Day 2: Milngavie – Drymen
Distance 21km – Hiking time: 4 – 6 hours – Altimeter (↑) 300m
We got up early, because our first stage was supposed to be 21 km long and since both of us hadn’t run such a distance in a long time, we wanted to be able to plan a lot of time for breaks.
Both of us? Who’s hiking their first hiking trail anyway?
On the one hand – even if the donkey actually calls itself last – I, Rolf, at that time 37 years old, who rediscovered the love of nature last year on his round trip to England, Scotland and Wales.
On the other hand, my mother, then 75 years young, accompanied me. And when I say young, I mean young. My mother goes walking every day in the morning, several times a week for sports, swimming, table tennis, yoga and much more. But now it should turn out whether this is enough for a 152 km long hike in 8 stages and also I, at that time still a smoker and not really the sporty type, was by no means sure to make the distance.
The starting point of the WHW is located in the middle of the town on Douglas Street, from where it heads north and plumbs surprisingly quickly into green, wild nature.
So we left Douglas Street and found ourselves directly in a well-kept park that led us northwards. Most of the way follows a tributary of the Kelvin, the so-called “Allander Water”.
The path leads along beautiful and very flat forest paths and on field paths further and further north, in retrospect it is an ideal first stage to relax the muscles and to prepare for what is to come 😉
The first unusual detail we encountered on this day was a campfire…in broad daylight…made of stone 🤔
It is a monument to the Craigallian fire. During the economic crisis from 1930 until the outbreak of the Second World War, a campfire burned continuously at this location. It was a beacon of camaraderie and hope for young unemployed people from Glasgow and Clydebank seeking adventure in Scotland. Their pioneering spirit helped free the Scottish countryside for all.
A little later we arrived at the Craigallian Loch, a lake embedded in the green of the surroundings. It was almost unbelievable that we had only recently left a lively village behind us. We were already thrilled and that although the real Highlands (and highlights) were yet to come.
Behind the Craigallian Loch comes Dumgoyach Hill in sight, a 427 metre high hill widely known as a landmark. The hill is of volcanic origin. This formation, also known as a lava neck, is a volcanic object that forms when magma cures in a vent on an active volcano.
About 3 kilometres later our smile became even wider, because the first of many whisky distilleries of our hike appeared. On our bus tour through the Highlands last year we had a sentence after Patrick from Timberbush Tours said:
If you ever walk through Scotland, look out for the sign of the guild of whisky burners. Enter and drink a whisky or two to warm your heart and raise your mind
Since we naturally wanted to listen to Patrick it was clear that we would stop by.

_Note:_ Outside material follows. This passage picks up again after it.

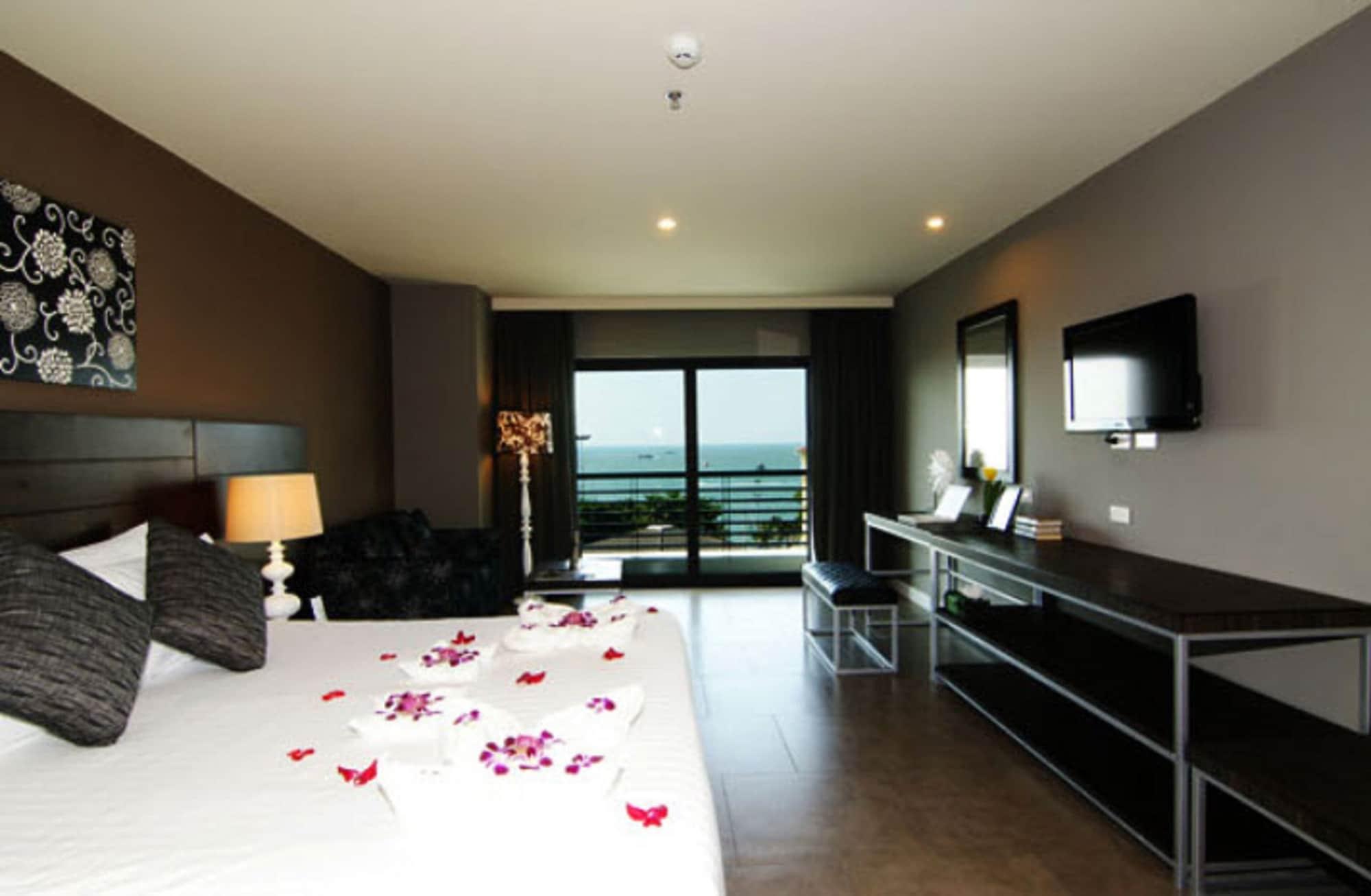 Hotel Sea Me Spring Tree (adults Only) Pattaya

So we turned off from WHW and approached the picturesque Glengoyne Distillery over a meadow.
We decided to join a guided tour, which included an introductory video and the tasting of an 18 year old whisky. The video tells a little about the history of the distillery, but I didn’t get everything, because I translated for my mother at the same time. The whisky was a great experience! I didn’t know anything about whisky and hardly ever drank spirits, but this whisky opened up a new taste universe for me. This first whisky has already been followed by several others and when I tell friends about Scotland, Ireland or other walks I like to do it with a good glass of whisky
The leadership was like one imagines a leadership in general. As a group of about 20 people we were guided through the production plant where every step was explained to us in detail. The tour was interesting and really recommendable. The warmth and the smell in the distillery, the wood and the background noise, all this makes the tour a successful start for a hike through the Highlands.
I scanned the flyer for you once:
Since we had already hiked more than half of the day’s stage up to this point, we were confident that we would be able to do the rest easily. Passing small waterfalls and a beautiful landscape with a hundred shades of green we reached Drymen in the late afternoon.

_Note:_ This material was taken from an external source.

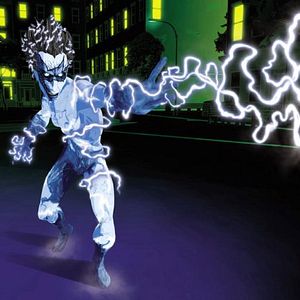 Bilder Spider-Man: The New Animated Series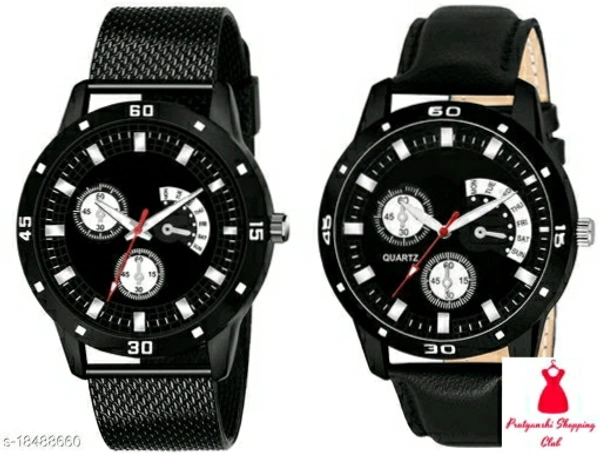 Attractive Watch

The accommodation booked for us was the Bramblewood B&B. It wasn’t easy to find, but it was worth searching! I’ve stayed in some B&B’s before, but this B&B is incredibly clean, the hosts Ally & Kate are incredibly friendly and warm-hearted and you can see that they really care about their guests. The room on the first floor has a terrace that can be seen.
So we drank tea on the terrace and let our feet cool down until we went back to the core of Drymen in the evening to get something to eat, the Clachan Inn that Ally recommended to us was really good and the price-performance ratio was also good.